Pada awalnya, wilayah kelola masyarakat di kedua desa masuk ke dalam konsesi HGU PT. Hasfarm Hortikultura Sulawesi (HHS) sejak tahun 1992. Sebelum terbitnya HGU, kondisi sosial ekonomi masyarakat relatif baik. Mata pencaharian utama masyarakat adalah di sektor pertanian dan peternakan, yang didukung oleh sumber mata air yang berasal dari Sungai Paneki di Desa Pombewe dan Sungai Wuno di Desa Oloboju. Kehadiran HGU HHS menyebabkan kesejahteraan masyarakat di kedua desa terpuruk. Pada tahun 2012, PT. HHS tidak beroperasi lagi, sehingga pada tahun 2013 masyarakat Desa Pombewe bersatu menuntut agar tanah eks HGU PT. HHS dikembalikan kepada masyarakat.

Perjuangan masyarakat akhirnya mendapatkan titik terang, pada tahun 2014 Bupati Kabupaten Sigi menolak rekomendasi perpanjangan HGU PT. HHS. Pada tahun 2016, pemerintah setempat membentuk Gugus Tugas Reforma Agraria (GTRA) untuk menyelesaikan konflik agraria. GTRA Sigi mengusulkan lokasi eks HGU PT. HHS sebagai Tanah Objek Reforma Agraria (TORA) kepada Menteri ATR/BPN. Proses identifikasi lokasi, pemetaan, hingga verifikasi data calon subjek TORA sudah dilakukan oleh GTRA Sigi bersama masyarakat. Pada tanggal 8 Desember 2022 Bupati Sigi menetapkan calon subjek RA Desa Pombewe dan Desa Oloboju melalui Keputusan Bupati.

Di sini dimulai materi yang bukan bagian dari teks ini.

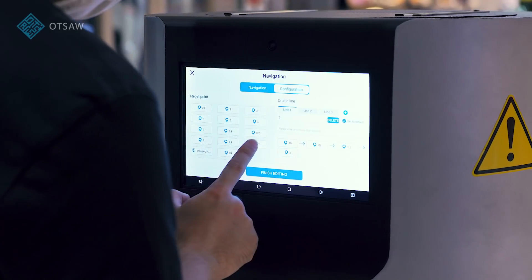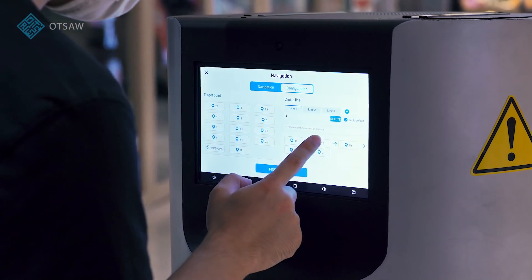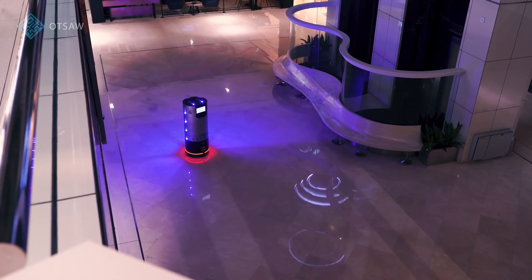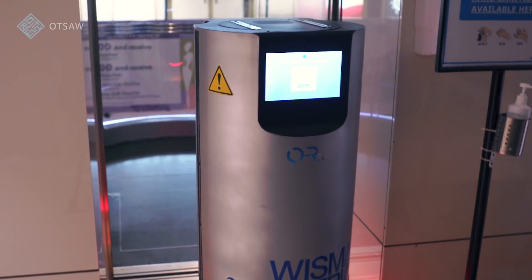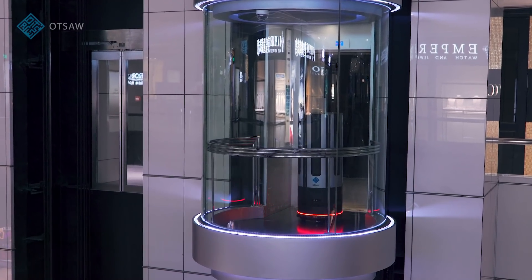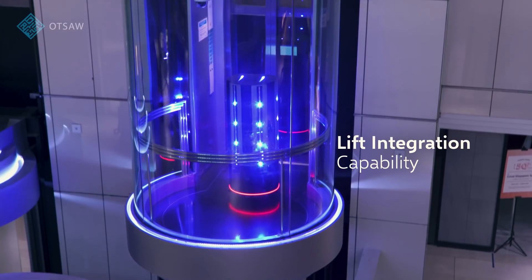The ORX user-friendly touchscreen makes it easy to operate. It can also be operated by voice command or be managed remotely with OTSA's fleet management software. Lift integration capability means the ORX can autonomously travel between multiple floors for complete disinfection coverage.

Akan tetapi, harapan redistribusi tanah yang dinantikan selama bertahun-tahun tersebut harus terhenti oleh kehadiran Bank Tanah. Pada 28 Agustus 2023 muncul surat pemberitahuan kepada Pemerintah Desa Pombewe terkait rencana pemasangan patok (tanda batas) oleh Bank Tanah di areal eks HGU PT. HHS seluas kurang lebih 194,75 hektar. Menanggapi hal ini, dilakukan Rapat Koordinasi pada 29 Agustus 2023 di Kantor Camat Sigi Biromaru yang melibatkan Pemerintah Desa dan BPD Pombewe, Camat Sigi Biromaru, Kabag ADPUM – Pemda Sigi, BPN Sigi dan GTRA Sigi. Keputusan bersama menyepakati moratorium aktivitas Bank Tanah, namun Badan Bank Tanah tidak menjalankan keputusan ini, justru terjadi pemasangan patok yang dilakukan secara diam-diam.

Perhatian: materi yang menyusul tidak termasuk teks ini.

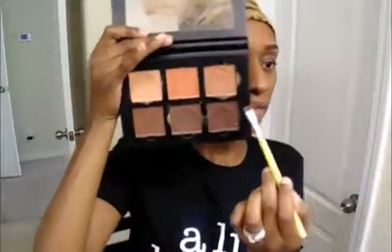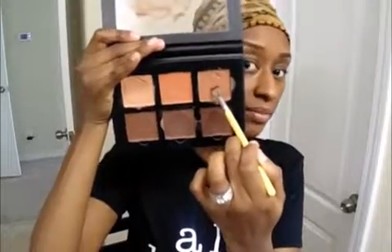To clean under my eyebrows a little bit, I'm going to be going in with my Anastasia Contour Cream Kit in the Deep Shades. I'm taking this color right here called Cinnamon, and I'm going to use Cinnamon to clean up under my eyebrows.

Pada 5 Oktober 2023, Bupati Sigi dan Bank Tanah melakukan pertemuan kedua di Aula Kantor Bupati Sigi. Pihak Badan Bank Tanah mengatakan bahwa penguasaan lahan seluas kurang lebih 194,75 hektar bertujuan untuk mengamankan aset tanah. Sementara Eva Bande, selaku sekretaris GTRA Sigi menilai penguasaan tanah oleh Badan Bank Tanah overlap dengan agenda GTRA Nasional yang saat ini sedang berjalan di Kabupaten Sigi. Ibu Ningsih selaku ketua BPD Pombewe juga merasa kecewa dengan Badan Bank Tanah yang telah menghianati hasil kesepakatan pertemuan sebelumnya. Kesepakatan dari pertemuan ini yaitu menghentikan sementara aktivitas Badan Bank Tanah, sementara pihak Pemda akan menyampaikan permasalahan ini kepada Kantor Staf Presiden (KSP) di Jakarta.

KARAMHA mengeluarkan Kertas Posisi dengan memberikan enam rekomendasi, antara lain mendesak GTRA menghentikan aktivitas Bank Tanah, mendesak kantor Staf Presiden untuk merealisasikan TORA di Kabupaten Sigi, menuntut Menteri ATR/BPN membatalkan Surat Nomor: HT.01/2111/XI/2022 Tanggal 22 November 2022 yang mengalokasikan tanah seluas 194,75 hektar kepada Bank Tanah, mendesak Kementerian ATR/BPN melakukan identifikasi, verifikasi, dan registrasi tanah di Kabupaten Sigi, mendorong konsistensi Bupati Sigi terhadap agenda RA sesuai mandat RPJMD, mendesak Bank Tanah menghentikan aktivitasnya di lahan eks HGU PT. HHS.